▸ Your objective: Copy out all the records, word for word.

▸ Material for this exercise:
......
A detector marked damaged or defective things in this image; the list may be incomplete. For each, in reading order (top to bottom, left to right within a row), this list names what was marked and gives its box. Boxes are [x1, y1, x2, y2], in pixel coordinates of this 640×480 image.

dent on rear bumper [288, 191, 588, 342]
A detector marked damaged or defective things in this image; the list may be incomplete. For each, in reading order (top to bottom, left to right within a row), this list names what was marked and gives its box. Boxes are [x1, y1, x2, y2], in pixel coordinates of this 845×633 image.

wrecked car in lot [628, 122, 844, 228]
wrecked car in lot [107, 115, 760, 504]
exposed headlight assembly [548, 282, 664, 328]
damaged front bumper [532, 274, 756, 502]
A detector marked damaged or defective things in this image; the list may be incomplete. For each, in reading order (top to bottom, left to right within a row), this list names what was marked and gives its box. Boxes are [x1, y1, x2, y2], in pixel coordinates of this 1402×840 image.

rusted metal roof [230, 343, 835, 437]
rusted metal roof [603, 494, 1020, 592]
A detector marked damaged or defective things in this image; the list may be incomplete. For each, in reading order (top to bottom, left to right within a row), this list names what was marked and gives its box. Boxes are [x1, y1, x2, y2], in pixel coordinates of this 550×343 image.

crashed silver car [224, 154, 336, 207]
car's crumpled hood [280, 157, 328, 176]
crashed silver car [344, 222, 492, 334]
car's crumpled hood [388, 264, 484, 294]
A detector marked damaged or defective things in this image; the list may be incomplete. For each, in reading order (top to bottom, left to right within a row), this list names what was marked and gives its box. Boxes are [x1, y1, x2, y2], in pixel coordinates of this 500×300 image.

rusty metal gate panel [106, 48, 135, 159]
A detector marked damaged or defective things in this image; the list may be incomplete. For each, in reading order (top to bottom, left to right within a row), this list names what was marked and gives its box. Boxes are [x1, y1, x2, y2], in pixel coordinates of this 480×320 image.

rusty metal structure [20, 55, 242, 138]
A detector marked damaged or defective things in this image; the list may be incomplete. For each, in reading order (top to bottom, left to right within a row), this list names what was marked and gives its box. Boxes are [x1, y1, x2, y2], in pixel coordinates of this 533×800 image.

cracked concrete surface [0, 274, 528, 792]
......
▸ Solution for this problem:
A detector marked damaged or defective things in this image; the list may be incomplete. For each, in reading order (top to bottom, left to right within a row), this list names what was marked and gives its box. Boxes are [x1, y1, x2, y2], in pixel coordinates of this 640×480 image.

dent on rear bumper [288, 191, 588, 342]
A detector marked damaged or defective things in this image; the list may be incomplete. For each, in reading order (top to bottom, left to right within a row), this list names what was marked and gives its box. Boxes are [x1, y1, x2, y2], in pixel coordinates of this 845×633 image.

wrecked car in lot [628, 122, 844, 228]
wrecked car in lot [107, 115, 760, 504]
exposed headlight assembly [548, 282, 664, 328]
damaged front bumper [532, 274, 756, 502]
A detector marked damaged or defective things in this image; the list may be incomplete. For each, in reading order (top to bottom, left to right within a row), this list names what was marked and gives its box. Boxes are [x1, y1, x2, y2], in pixel coordinates of this 1402×840 image.

rusted metal roof [230, 343, 835, 437]
rusted metal roof [603, 494, 1020, 592]
A detector marked damaged or defective things in this image; the list may be incomplete. For each, in reading order (top to bottom, left to right within a row), this list names what was marked and gives its box. Boxes are [x1, y1, x2, y2], in pixel coordinates of this 550×343 image.

crashed silver car [224, 154, 336, 207]
car's crumpled hood [280, 157, 328, 176]
crashed silver car [344, 222, 492, 334]
car's crumpled hood [388, 264, 484, 294]
A detector marked damaged or defective things in this image; the list may be incomplete. For each, in reading order (top to bottom, left to right within a row), this list names what was marked and gives its box. Boxes are [x1, y1, x2, y2], in pixel coordinates of this 500×300 image.

rusty metal gate panel [106, 48, 135, 159]
A detector marked damaged or defective things in this image; the list may be incomplete. For each, in reading order (top to bottom, left to right within a row), this list names what was marked and gives its box. Boxes are [x1, y1, x2, y2], in pixel coordinates of this 480×320 image.

rusty metal structure [20, 55, 242, 138]
A detector marked damaged or defective things in this image; the list may be incomplete. For each, in reading order (top to bottom, left to right within a row), this list names what was marked and gives its box. Boxes are [x1, y1, x2, y2], in pixel coordinates of this 533×800 image.

cracked concrete surface [0, 274, 528, 792]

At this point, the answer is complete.